• [Material provided]:
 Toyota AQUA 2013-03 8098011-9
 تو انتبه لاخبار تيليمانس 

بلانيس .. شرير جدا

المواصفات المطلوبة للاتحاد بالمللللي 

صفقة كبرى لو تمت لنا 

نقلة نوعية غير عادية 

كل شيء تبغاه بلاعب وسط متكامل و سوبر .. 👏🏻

---

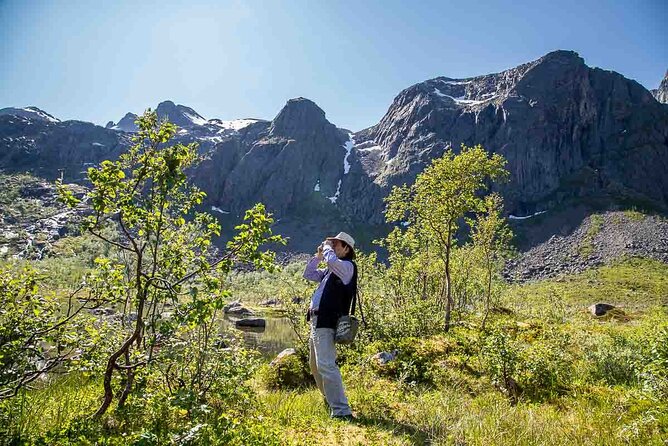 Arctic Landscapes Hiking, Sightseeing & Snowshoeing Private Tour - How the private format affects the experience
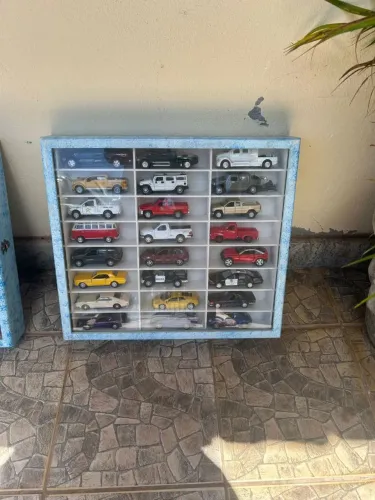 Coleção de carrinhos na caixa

• [Work to complete]:
The reply should hold only the lines of the listing above starting at the line containing "Toyota AQUA 2013-03 8098011-9" and ending at the line containing "كل شيء تبغاه بلاعب وسط متكامل و سوبر .. 👏🏻", exactly as written.

• [Response to the exercise]:
 Toyota AQUA 2013-03 8098011-9
 تو انتبه لاخبار تيليمانس 

بلانيس .. شرير جدا

المواصفات المطلوبة للاتحاد بالمللللي 

صفقة كبرى لو تمت لنا 

نقلة نوعية غير عادية 

كل شيء تبغاه بلاعب وسط متكامل و سوبر .. 👏🏻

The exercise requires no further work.